- Opening Delimiter -

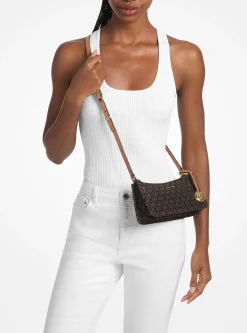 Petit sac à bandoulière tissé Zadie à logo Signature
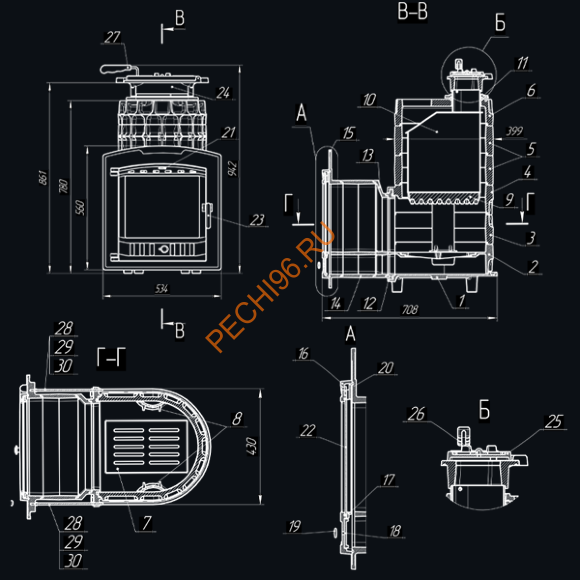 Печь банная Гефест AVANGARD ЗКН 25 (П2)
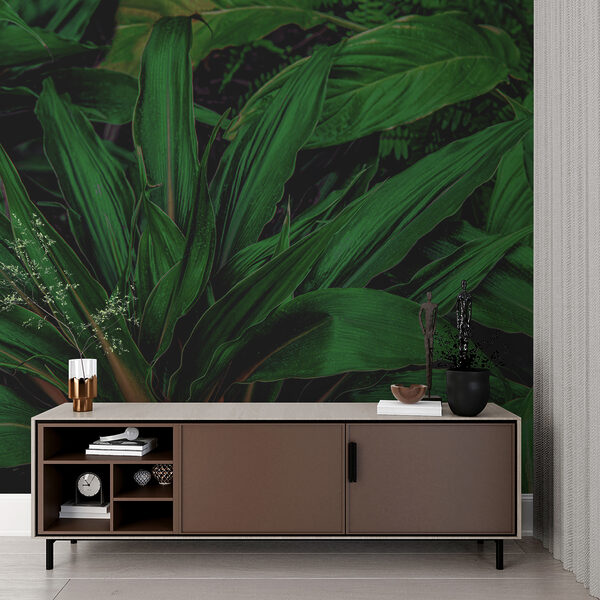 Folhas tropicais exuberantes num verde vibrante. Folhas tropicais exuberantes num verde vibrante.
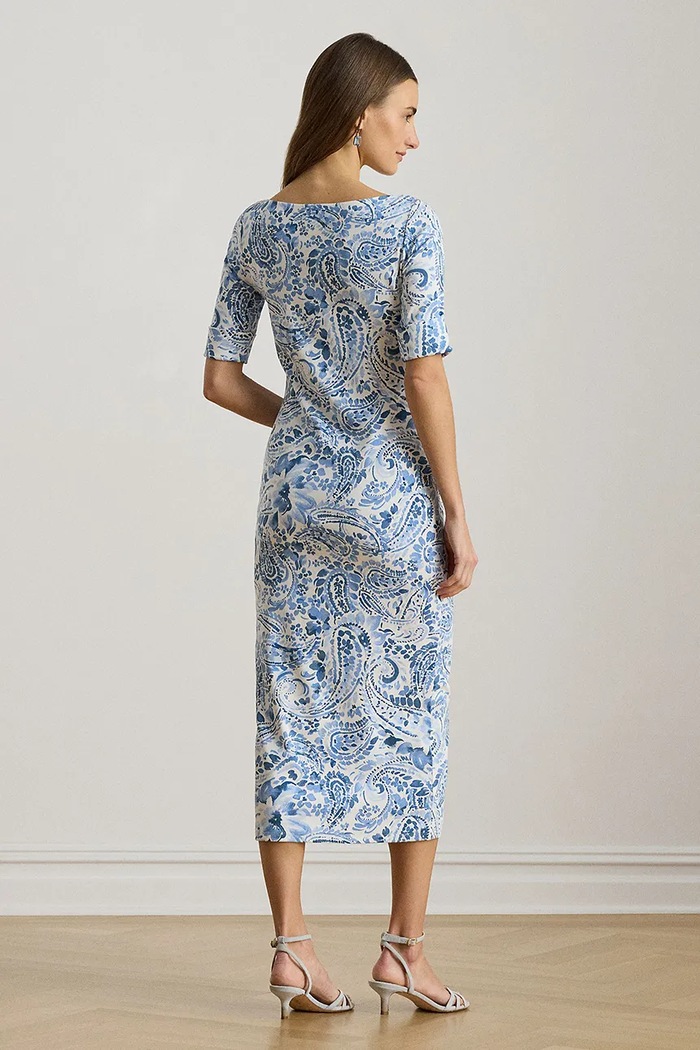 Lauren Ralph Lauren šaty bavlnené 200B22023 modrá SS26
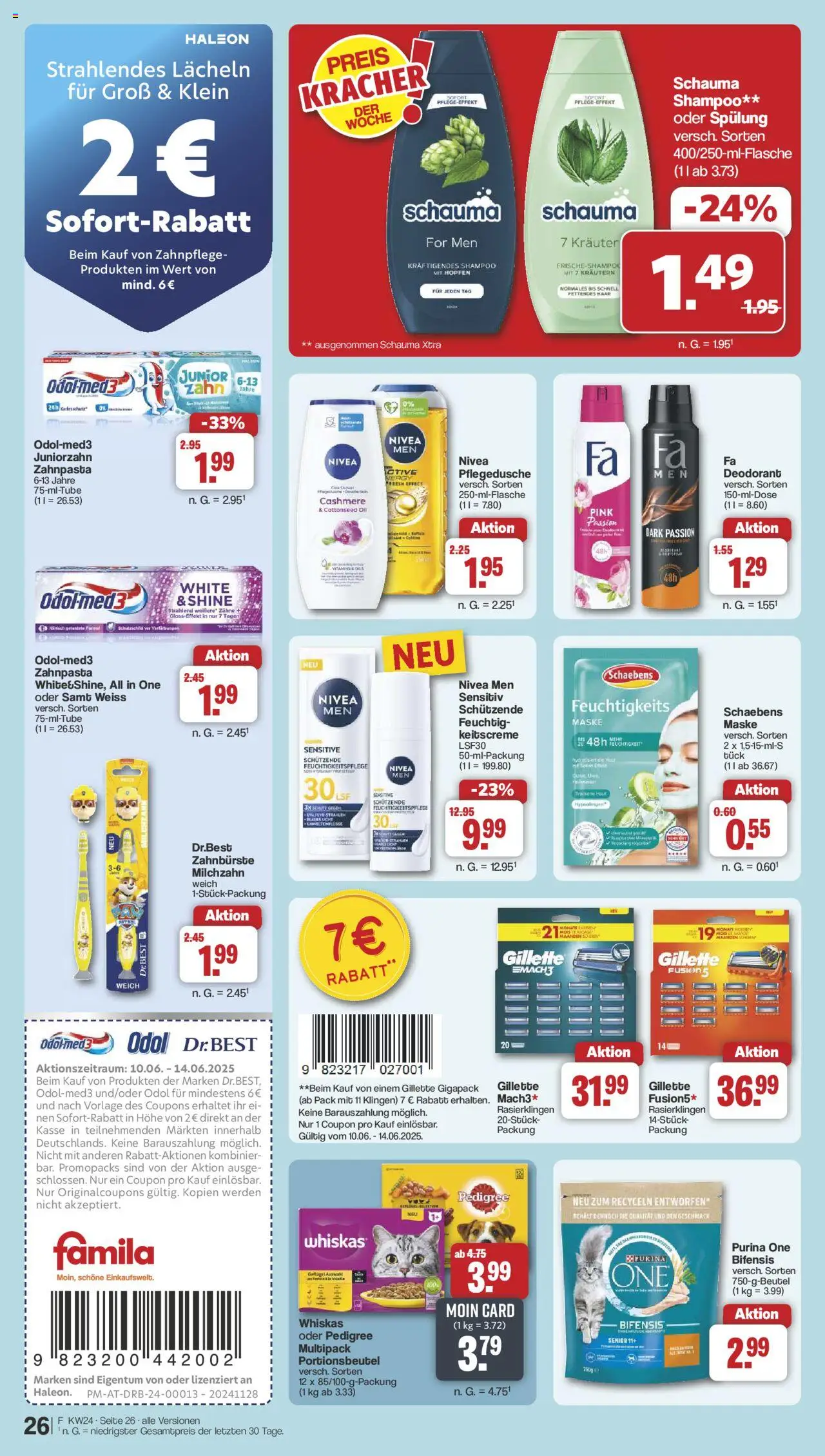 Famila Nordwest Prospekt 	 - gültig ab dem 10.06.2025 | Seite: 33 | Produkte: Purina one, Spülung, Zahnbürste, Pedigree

- Closing Delimiter -
- Opening Delimiter -

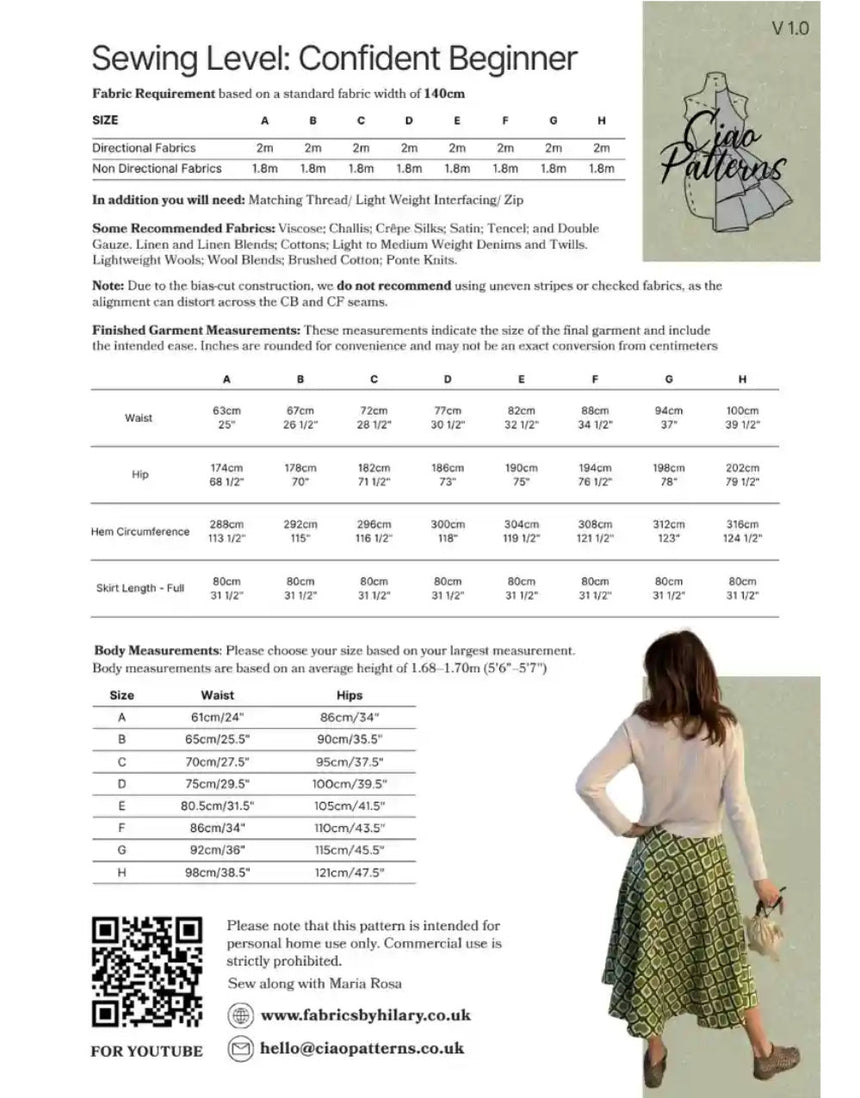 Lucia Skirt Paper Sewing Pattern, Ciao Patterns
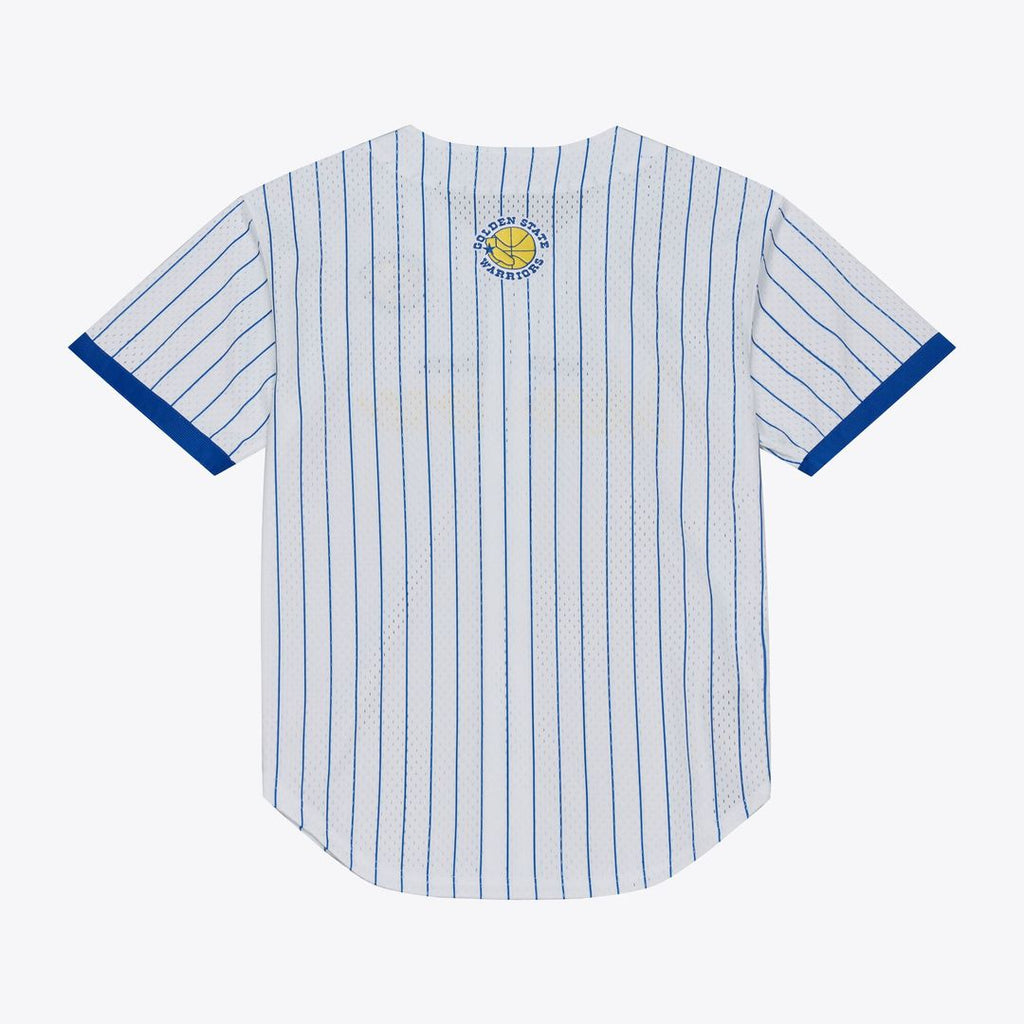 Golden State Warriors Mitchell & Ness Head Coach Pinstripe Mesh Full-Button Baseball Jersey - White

- Closing Delimiter -
- Opening Delimiter -

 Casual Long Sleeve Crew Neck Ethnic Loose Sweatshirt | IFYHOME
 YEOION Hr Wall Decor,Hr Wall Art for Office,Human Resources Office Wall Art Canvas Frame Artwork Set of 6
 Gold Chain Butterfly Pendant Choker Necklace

- Closing Delimiter -

> **Exercise requirements**: The answer is the lines above from the one with "Lauren Ralph Lauren" to the one with "Famila Nordwest Prospekt", set down exactly, with no pictures.

> **Task result**:
 Lauren Ralph Lauren šaty bavlnené 200B22023 modrá SS26
 Famila Nordwest Prospekt 	 - gültig ab dem 10.06.2025 | Seite: 33 | Produkte: Purina one, Spülung, Zahnbürste, Pedigree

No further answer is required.